E più l’avvocato Repici tirava il filo che lega le stragi del ’92 con la bomba alla stazione di Bologna e più il volto della Presidente diventava terreo. Ecco perché temo che presto il lavoro della Commissione sulla strage di Via D’Amelio verrà messo su un binario morto. Magari decidendo di allargare l’oggetto della indagine a dismisura, così che non basterebbero tre Legislature per arrivare ad un punto, invece di concentrarlo su un singolo ma ancora praticabile obiettivo.

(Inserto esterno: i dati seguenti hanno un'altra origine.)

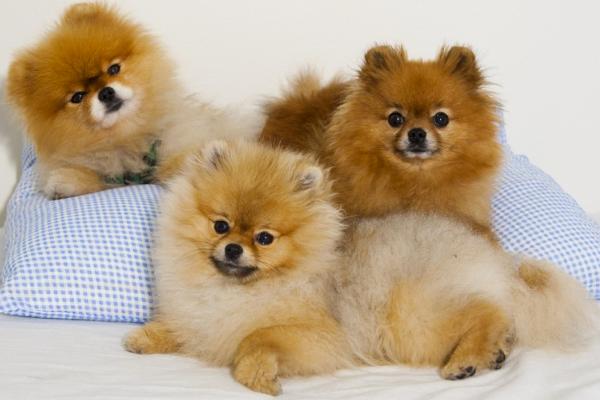 博美猴子期要持续多久?一般情况下就这几天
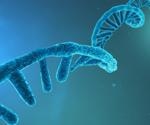 From Test Tube to Cell; Creating Biological Computers from RNA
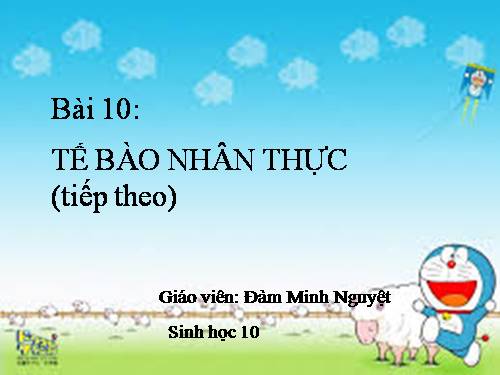 Bài 10. Tế bào nhân thực (tiếp theo)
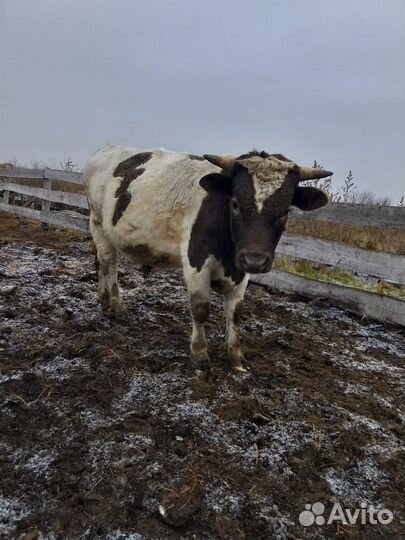 Быки на мясо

Ho come l’impressione che qualcuno presto o tardi farà notare alla Presidente che è molto meglio continuare a fare come ha fatto ieri mattina, cioè poche ore prima dell’audizione di Salvatore Borsellino e Fabio Repici. Infatti ieri mattina la Presidente diceva la sua intervistata dall’ineffabile Marcello Foa all’interno di quella pretenziosa trasmissione radiofonica intitolata “Giù la maschera!”, introdotta da stacchetti musicali pateticamente ribellisti. Il Foa ha intrattenuto il pubblico facendo domande così “pettinate” alla presidente da consentirle di sfoggiare tutto il repertorio ormai mandato a memoria su Caivano, sulla droga, sulla internazionalizzazione della mafia italiana, su quanto siano ricche e pericolose per l’economia nazionale… etc.etc. Il Foa avrebbe meglio declinato il titolo della sua trasmissione chiedendole come stiano insieme quelle sue parole sulla mafia così risolute, con i provvedimenti che la maggioranza sta prendendo in materia di sub appalti, uso del contate, condoni fiscali, gioco d’azzardo, separazione delle carriere, libertà di informazione, misure di prevenzione patrimoniali, il traffico di influenze, l’abuso d’ufficio…

Così, giusto per richiamare quel vecchio armese ideologico che si chiamava “pratica degli obiettivi”.